Records to process START
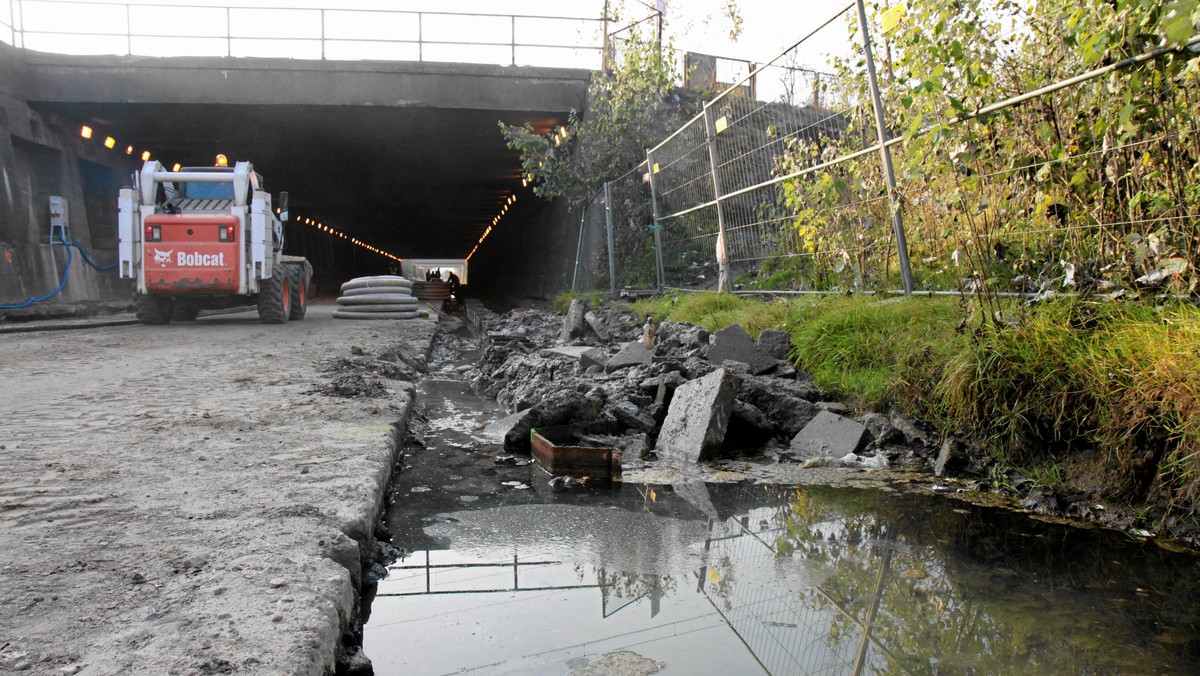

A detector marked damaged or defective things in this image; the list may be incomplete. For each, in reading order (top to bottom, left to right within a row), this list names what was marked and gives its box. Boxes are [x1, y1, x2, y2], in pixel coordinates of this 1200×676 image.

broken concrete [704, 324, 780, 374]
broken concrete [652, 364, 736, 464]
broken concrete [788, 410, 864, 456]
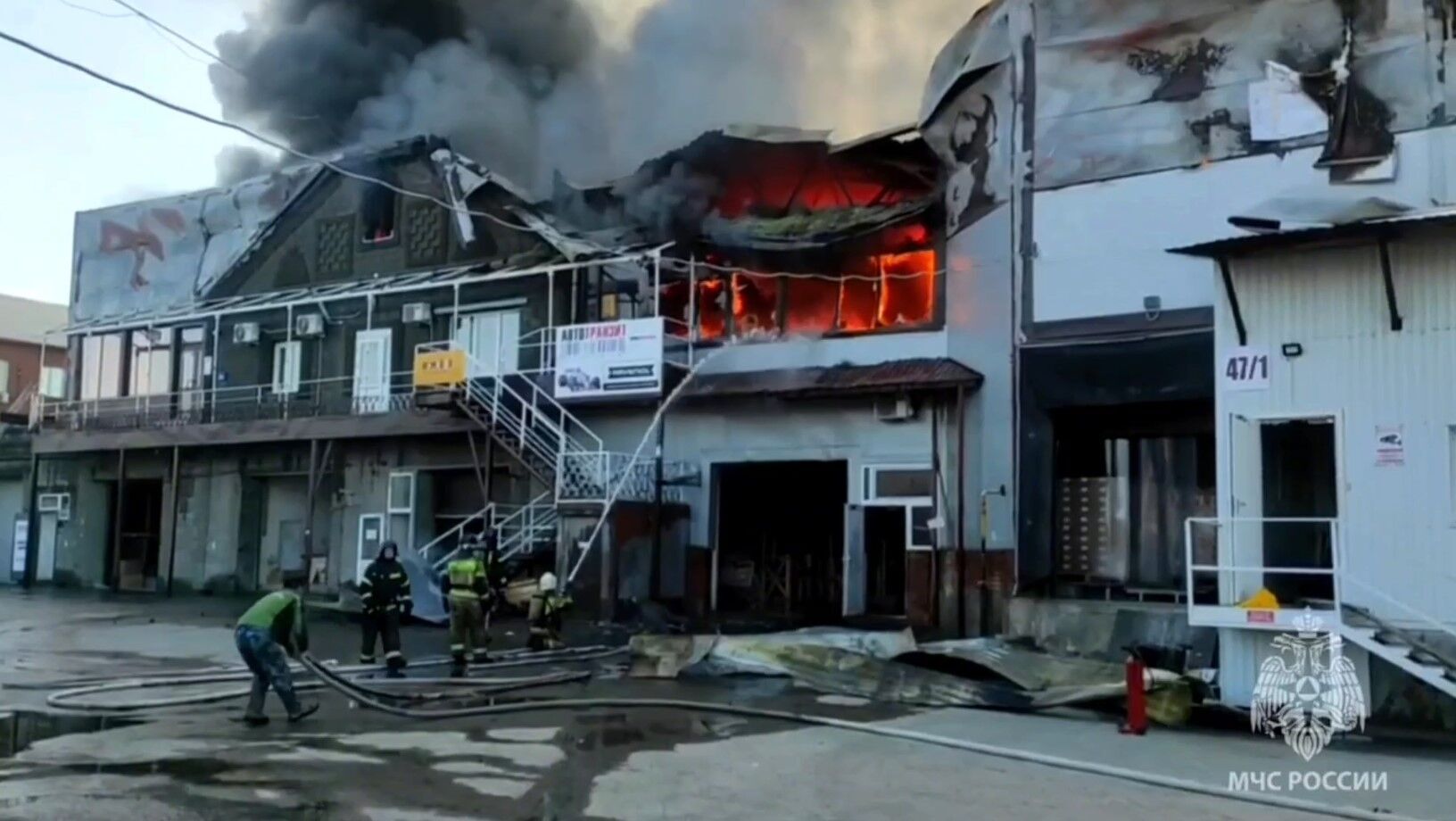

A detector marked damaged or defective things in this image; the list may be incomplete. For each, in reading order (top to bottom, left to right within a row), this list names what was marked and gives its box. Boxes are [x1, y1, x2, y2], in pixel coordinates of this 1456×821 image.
Records to process END
Records to process START
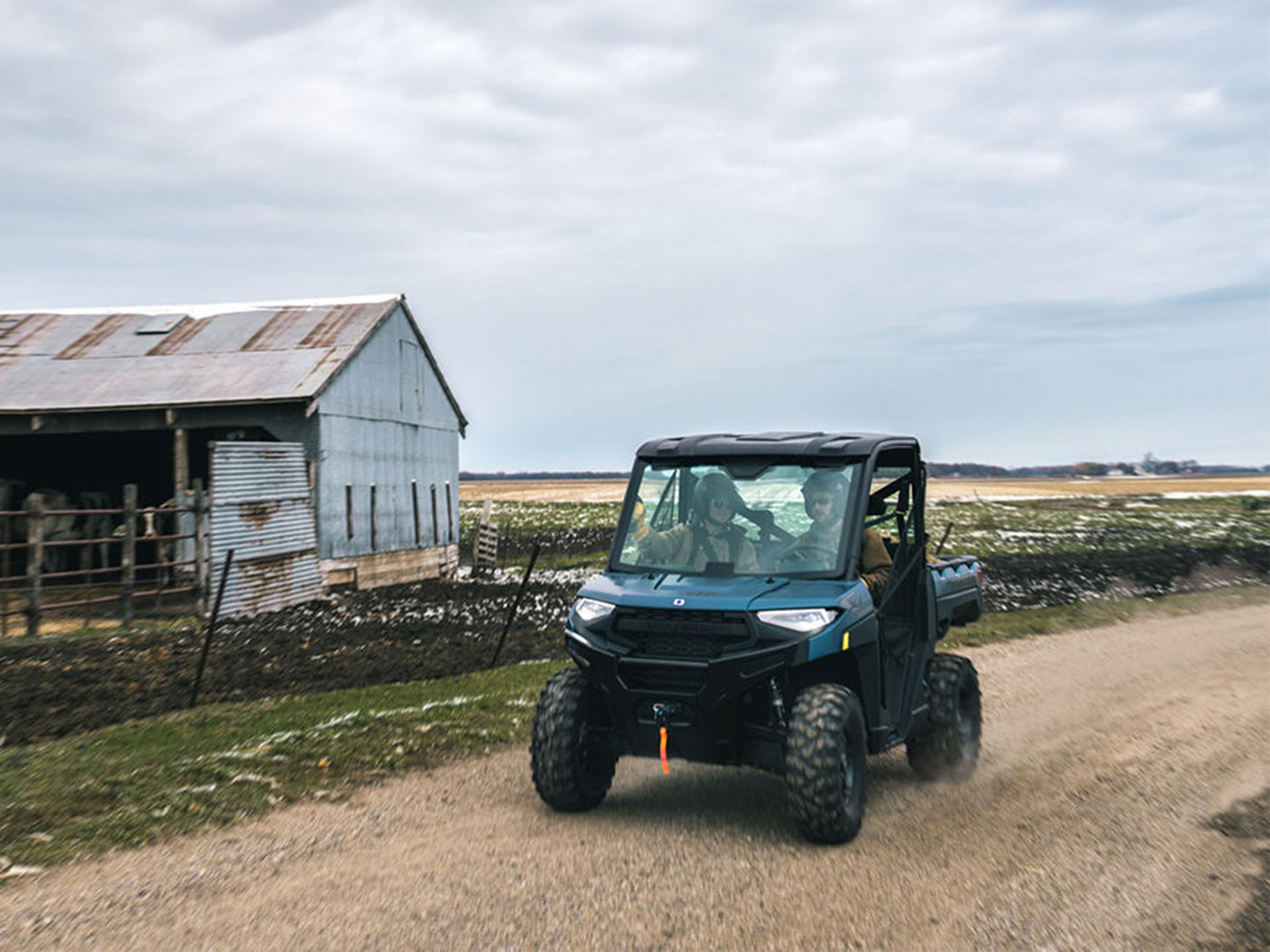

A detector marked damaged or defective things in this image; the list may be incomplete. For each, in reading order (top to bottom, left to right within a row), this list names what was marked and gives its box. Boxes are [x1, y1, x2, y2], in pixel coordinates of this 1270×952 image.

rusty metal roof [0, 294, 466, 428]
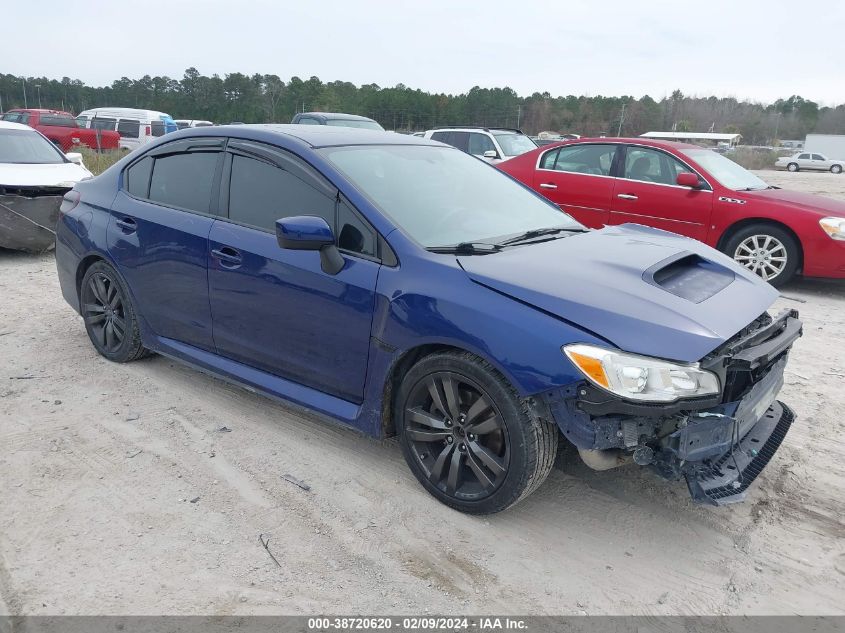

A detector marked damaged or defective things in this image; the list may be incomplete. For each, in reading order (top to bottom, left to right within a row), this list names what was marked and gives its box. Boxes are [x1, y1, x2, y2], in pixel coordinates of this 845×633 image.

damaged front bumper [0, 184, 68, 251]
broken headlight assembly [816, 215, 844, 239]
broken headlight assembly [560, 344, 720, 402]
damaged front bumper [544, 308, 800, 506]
Records to process END
§ Try it
Using the data above, give again exactly the lines starting at the one holding "this 1200×676 image." and ending at the one holding "this 1456×821 image.", inclusive, and nothing more. Omit the pictures.

§ Task solution
A detector marked damaged or defective things in this image; the list may be incomplete. For each, in reading order (top to bottom, left to right within a row), this list names what was marked and gives its box. Boxes are [x1, y1, x2, y2], in pixel coordinates of this 1200×676 image.

broken concrete [704, 324, 780, 374]
broken concrete [652, 364, 736, 464]
broken concrete [788, 410, 864, 456]

A detector marked damaged or defective things in this image; the list may be incomplete. For each, in reading order (top to bottom, left to right within a row), this list names what was marked and gives its box. Boxes are [x1, y1, x2, y2], in pixel coordinates of this 1456×821 image.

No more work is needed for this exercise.